May 13, 2021 11:46 pm

Alibaba on Thursday posted its first quarterly operating loss since going public in 2014 due to a record anti-monopoly fine by the country's market regulator.

Details: In the quarter ended March 31, 2021, revenue was RMB 187,395 million ($28,602 million), an increase of 64% year-over-year. In the fiscal year ended March 31, 2021, revenue was RMB 717.289 billion ($109.48 billion), an increase of 41% year-on-year.

The e-commerce giant said its loss from operations was RMB 7.66 billion ($1.19 billion)as a result of the fine. It is the first time Alibaba has reported an operating loss as a public company, CEO Daniel Zhang said Thursday.

The GMV for the 2021 fiscal year was RMB 8.119 trillion ($1.239 trillion), which mainly includes RMB 7.494 trillion ($1.144 trillion) from China and the international market.

In the 2021 fiscal year, cloud computing revenue increased by 50% year-on-year to RMB 60.12 billion ($9.176 billion). In the March quarter of 2021, cloud computing revenue increased 37% year-on-year to 16.761 RMB billion ($2.558 billion).

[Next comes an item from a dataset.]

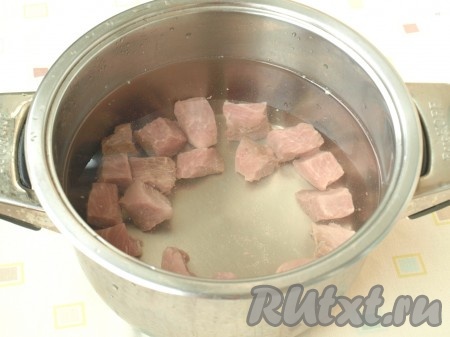 Крупными кусочками нарезать мясо (у меня свинина), залить водой и поставить на огонь. Когда мясо закипит, появившуюся пену следует убрать. Добавить в кастрюлю соль и варить мясо на небольшом огне до готовности.
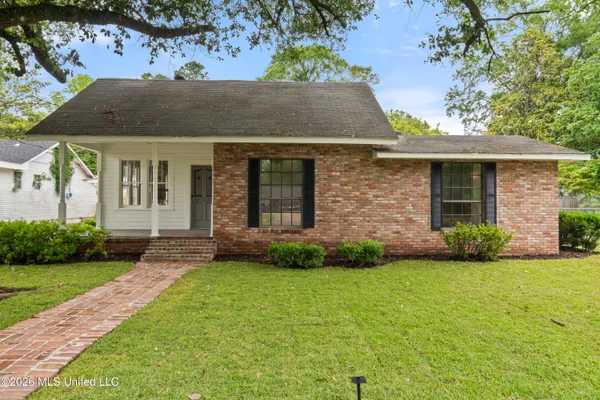 $279,000 | 429 Mary Street, Columbia, MS 39429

Alibaba Group ranks third globally and first in the Asia Pacific region in the global Infrastructure-as-a-Service market, according to Gartner’s April 2021 report. 

International commerce retail business, mainly including Lazada and AliExpress, grew rapidly to achieve approximately 240 million annual active consumers in the twelve months ended March 31, 2021.

The revenue of Alibaba's logistics subsidiary Cainiao Network grew steadily by 68% year-on-year, reaching RMB 37.258 billion ($5.687 billion), accounting for 5% of the company's total revenue.

Alibaba forecast annual revenue of 930 billion yuan ($144.12 billion) for the year ending March 2022, above expectation of 928.25 billion yuan.

Context: China is speeding up the supervision of Internet giants' monopoly after years of laissez-faire approach. The top market regulator slapped a record 18,228 billion ($2,782 billion) fine on Alibaba on April 12, after an anti-monopoly probe found the e-commerce giant had abused its dominant market position for several years.